The LINE_SEPARATOR category contains this one character:

     U+2028 LINE SEPARATOR

And the PARAGRAPH_SEPARATOR category contains just this one character:

     U+2029 PARAGRAPH SEPARATOR

**

Meanwhile, the Character.isWhitespace method returns true if the code point is 
in one of these categories:

     SPACE_SEPARATOR, excluding
         U+00A0 NO-BREAK SPACE
         U+2007 FIGURE SPACE
         U+202F NARROW NO-BREAK SPACE
     LINE_SEPARATOR
     PARAGRAPH_SEPARATOR

or if it is one of these characters:

     U+0009 HORIZONTAL TABULATION.
     U+000A LINE FEED.
     U+000B VERTICAL TABULATION.
     U+000C FORM FEED.
     U+000D CARRIAGE RETURN.
     U+001C FILE SEPARATOR.
     U+001D GROUP SEPARATOR.
     U+001E RECORD SEPARATOR.
     U+001F UNIT SEPARATOR.

**

You mentioned several different definitions of whitespace:

  - trim's whitespace (TWS): chars <= U+0020
  - Character's whitespace (CWS): I'm not sure what you meant by this
  - union whitespace (UWS): union of TWS and CWS

I don't think we should be creating a new definition of whitespace, such as UWS, 
if at all possible. TWS is strange in that it contains a bunch of control 
characters that aren't necessarily whitespace, and it omits Unicode whitespace. 
Character.isSpaceChar includes various no-break spaces, which I don't think 
should be trimmed away, and it also omits various ASCII white space characters, 
which I think most programmers would find surprising.

Finally, Character.isWhitespace includes the ASCII whitespace characters and 
Unicode space separators, but excludes no-break spaces. This makes the most 
sense to me. So, how about we define trimLeft, trimRight, and trimWhitespace all 
in terms of Character.isWhitespace?

s'marks

On 3/13/18 6:47 AM, Jim Laskey wrote:
> B. Additions to basic trim methods. In addition to margin methods trimIndent and trimMarkers described below in Section C, it would be worth introducing trimLeft and trimRight to augment the longstanding trim method.
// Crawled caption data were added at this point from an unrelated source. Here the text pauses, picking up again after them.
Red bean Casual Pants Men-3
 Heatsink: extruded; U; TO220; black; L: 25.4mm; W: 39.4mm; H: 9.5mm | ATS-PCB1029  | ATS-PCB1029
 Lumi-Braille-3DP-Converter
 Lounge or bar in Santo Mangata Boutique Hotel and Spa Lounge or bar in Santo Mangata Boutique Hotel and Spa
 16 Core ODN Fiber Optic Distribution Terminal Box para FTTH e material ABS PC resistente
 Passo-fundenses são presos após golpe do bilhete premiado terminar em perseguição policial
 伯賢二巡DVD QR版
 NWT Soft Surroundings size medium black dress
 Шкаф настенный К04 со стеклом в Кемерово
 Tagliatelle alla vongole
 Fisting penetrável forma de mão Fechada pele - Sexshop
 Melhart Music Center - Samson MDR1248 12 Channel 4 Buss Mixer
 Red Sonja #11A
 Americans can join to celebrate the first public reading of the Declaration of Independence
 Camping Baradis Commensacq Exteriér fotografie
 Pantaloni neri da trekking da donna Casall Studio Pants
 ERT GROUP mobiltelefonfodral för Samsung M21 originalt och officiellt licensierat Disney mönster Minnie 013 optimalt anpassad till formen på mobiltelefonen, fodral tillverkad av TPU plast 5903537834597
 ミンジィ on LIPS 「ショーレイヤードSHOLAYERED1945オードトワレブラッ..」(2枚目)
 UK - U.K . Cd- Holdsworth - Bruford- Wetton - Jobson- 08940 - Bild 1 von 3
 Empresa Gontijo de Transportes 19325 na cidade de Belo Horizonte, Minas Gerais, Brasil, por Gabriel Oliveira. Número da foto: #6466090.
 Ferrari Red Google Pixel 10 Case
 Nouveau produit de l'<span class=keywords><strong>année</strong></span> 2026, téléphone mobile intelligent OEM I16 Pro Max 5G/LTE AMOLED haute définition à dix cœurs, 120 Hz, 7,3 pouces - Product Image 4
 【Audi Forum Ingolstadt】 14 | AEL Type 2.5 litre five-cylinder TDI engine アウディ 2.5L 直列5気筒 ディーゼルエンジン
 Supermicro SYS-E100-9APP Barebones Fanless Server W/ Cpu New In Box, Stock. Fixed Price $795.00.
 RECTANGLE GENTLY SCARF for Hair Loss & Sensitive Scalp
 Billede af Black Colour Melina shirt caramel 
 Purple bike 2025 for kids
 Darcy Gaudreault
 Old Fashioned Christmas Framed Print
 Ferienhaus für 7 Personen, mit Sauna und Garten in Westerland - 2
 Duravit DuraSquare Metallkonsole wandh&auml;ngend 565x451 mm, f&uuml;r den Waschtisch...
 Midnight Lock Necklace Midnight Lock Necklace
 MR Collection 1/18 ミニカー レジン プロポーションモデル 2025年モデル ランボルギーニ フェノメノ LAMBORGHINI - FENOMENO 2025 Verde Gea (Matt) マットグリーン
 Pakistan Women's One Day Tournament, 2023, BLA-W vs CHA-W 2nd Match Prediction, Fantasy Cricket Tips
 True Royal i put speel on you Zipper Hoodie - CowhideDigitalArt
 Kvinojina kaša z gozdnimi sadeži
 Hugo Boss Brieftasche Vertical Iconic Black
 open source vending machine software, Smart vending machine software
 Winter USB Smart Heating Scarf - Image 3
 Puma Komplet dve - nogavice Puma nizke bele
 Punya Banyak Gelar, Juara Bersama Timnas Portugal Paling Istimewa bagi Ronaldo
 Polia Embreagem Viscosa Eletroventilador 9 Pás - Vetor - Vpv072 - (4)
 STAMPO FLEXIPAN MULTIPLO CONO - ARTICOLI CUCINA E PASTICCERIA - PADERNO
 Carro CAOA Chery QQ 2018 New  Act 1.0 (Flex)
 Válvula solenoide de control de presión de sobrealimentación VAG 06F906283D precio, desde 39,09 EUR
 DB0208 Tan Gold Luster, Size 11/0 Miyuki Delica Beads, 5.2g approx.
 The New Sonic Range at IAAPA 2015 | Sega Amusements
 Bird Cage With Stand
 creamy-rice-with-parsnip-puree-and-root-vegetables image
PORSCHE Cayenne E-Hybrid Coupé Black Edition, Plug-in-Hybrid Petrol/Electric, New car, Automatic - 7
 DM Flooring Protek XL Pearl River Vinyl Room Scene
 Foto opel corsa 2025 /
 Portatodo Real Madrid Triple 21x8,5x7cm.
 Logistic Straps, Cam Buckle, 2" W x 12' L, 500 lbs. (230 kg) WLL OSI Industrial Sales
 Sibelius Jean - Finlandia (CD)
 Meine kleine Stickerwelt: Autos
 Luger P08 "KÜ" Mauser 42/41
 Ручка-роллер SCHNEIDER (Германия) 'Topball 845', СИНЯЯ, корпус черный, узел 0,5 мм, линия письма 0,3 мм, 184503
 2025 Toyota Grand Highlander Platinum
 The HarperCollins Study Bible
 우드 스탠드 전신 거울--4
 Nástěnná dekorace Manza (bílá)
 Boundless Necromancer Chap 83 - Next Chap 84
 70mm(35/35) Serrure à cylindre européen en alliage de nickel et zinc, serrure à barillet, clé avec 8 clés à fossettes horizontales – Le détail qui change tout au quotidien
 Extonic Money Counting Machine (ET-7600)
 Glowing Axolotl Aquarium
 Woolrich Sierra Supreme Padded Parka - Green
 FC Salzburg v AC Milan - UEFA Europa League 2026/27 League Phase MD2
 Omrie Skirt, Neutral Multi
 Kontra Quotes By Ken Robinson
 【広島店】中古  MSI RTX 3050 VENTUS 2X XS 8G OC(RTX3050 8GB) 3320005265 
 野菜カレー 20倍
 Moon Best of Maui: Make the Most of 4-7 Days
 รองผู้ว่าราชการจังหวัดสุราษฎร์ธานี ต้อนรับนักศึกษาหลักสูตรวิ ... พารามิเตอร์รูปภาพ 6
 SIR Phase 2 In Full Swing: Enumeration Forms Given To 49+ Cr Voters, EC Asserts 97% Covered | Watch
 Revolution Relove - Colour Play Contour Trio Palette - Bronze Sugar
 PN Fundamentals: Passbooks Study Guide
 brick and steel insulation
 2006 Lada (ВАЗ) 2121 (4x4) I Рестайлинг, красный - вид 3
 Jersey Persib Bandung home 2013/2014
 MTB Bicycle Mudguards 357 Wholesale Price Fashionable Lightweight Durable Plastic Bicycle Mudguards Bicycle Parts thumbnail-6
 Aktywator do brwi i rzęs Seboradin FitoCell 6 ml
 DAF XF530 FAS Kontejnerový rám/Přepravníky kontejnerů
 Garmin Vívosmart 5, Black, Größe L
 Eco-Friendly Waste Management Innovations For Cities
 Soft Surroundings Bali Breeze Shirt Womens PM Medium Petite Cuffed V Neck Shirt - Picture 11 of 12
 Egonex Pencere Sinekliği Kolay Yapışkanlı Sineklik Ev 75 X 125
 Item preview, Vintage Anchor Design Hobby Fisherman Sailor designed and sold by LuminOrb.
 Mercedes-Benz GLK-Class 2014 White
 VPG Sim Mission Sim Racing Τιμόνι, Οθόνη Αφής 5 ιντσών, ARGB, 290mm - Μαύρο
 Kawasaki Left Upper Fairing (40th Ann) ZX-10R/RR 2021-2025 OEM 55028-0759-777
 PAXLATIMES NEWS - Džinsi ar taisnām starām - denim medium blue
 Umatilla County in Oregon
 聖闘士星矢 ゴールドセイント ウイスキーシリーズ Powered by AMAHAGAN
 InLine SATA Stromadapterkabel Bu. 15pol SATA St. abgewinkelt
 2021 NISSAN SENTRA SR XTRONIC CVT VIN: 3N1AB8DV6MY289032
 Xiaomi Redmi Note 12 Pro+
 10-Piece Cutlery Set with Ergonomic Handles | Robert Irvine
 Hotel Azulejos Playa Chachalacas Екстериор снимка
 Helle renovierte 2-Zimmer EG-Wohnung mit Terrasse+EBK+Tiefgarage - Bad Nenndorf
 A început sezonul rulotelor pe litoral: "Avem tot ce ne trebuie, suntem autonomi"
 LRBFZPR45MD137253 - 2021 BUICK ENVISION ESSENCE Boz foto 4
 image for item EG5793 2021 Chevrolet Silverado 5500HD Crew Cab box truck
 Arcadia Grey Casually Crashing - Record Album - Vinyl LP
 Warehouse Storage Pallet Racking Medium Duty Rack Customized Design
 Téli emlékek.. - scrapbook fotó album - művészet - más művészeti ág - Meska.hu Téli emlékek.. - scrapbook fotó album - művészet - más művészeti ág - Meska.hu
A key question is how trimLeft and trimRight should detect whitespace, because different definitions of whitespace exist in the library.
> 
> trim itself uses the simple test less than or equal to the space character, a fast test but not Unicode friendly.
> 
> Character.isWhitespace(codepoint) returns true if codepoint one of the following;
> 
>     SPACE_SEPARATOR.
>     LINE_SEPARATOR.
>     PARAGRAPH_SEPARATOR.
>     '\t',     U+0009 HORIZONTAL TABULATION.
>     '\n',     U+000A LINE FEED.
>     '\u000B', U+000B VERTICAL TABULATION.
>     '\f',     U+000C FORM FEED.
>     '\r',     U+000D CARRIAGE RETURN.
>     '\u001C', U+001C FILE SEPARATOR.
>     '\u001D', U+001D GROUP SEPARATOR.
>     '\u001E', U+001E RECORD SEPARATOR.
>     '\u001F', U+001F UNIT SEPARATOR.
>     ' ',      U+0020 SPACE.
> (Note: that non-breaking space (\u00A0) is excluded)
> 
> Character.isSpaceChar(codepoint) returns true if codepoint one of the following;
> 
>     SPACE_SEPARATOR.
>     LINE_SEPARATOR.
>     PARAGRAPH_SEPARATOR.
>     ' ',      U+0020 SPACE.
>     '\u00A0', U+00A0 NON-BREAKING SPACE.
> That sets up several kinds of whitespace; trim's whitespace (TWS), Character whitespace (CWS) and the union of the two (UWS). TWS is a fast test. CWS is a slow test. UWS is fast for Latin1 and slow-ish for UTF-16.
> 
> We are recommending that trimLeft and trimRight use UWS, leave trim alone to avoid breaking the world and then possibly introduce trimWhitespace that uses UWS.
> 
> public String trim()
> Removes characters less than equal to space from the beginning and end of the string. No, change except spec clarification and links to the new trim methods.
>      Examples:
>          "".trim();              // ""
>          "   ".trim();           // ""
>          "  abc  ".trim();       // "abc"
>          "  \u2028abc  ".trim(); // "\u2028abc"
> public String trimWhitespace()
> Removes whitespace from the beginning and end of the string.
>       Examples:
> 
>          "".trimWhitespace();              // ""
>          "   ".trimWhitespace();           // ""
>          "  abc  ".trimWhitespace();       // "abc"
>          "  \u2028abc  ".trimWhitespace(); // "abc"
> public String trimLeft()
> Removes whitespace from the beginning of the string.
>       Examples:
> 
>          "".trimLeft();        // ""
>          "   ".trimLeft();     // ""
>          "  abc  ".trimLeft(); // "abc  "
> public String trimRight()
> Removes whitespace from the end of the string.
>       Examples:
> 
>          "".trimRight();        // ""
>          "   ".trimRight();     // ""
>          "  abc  ".trimRight(); // "  abc"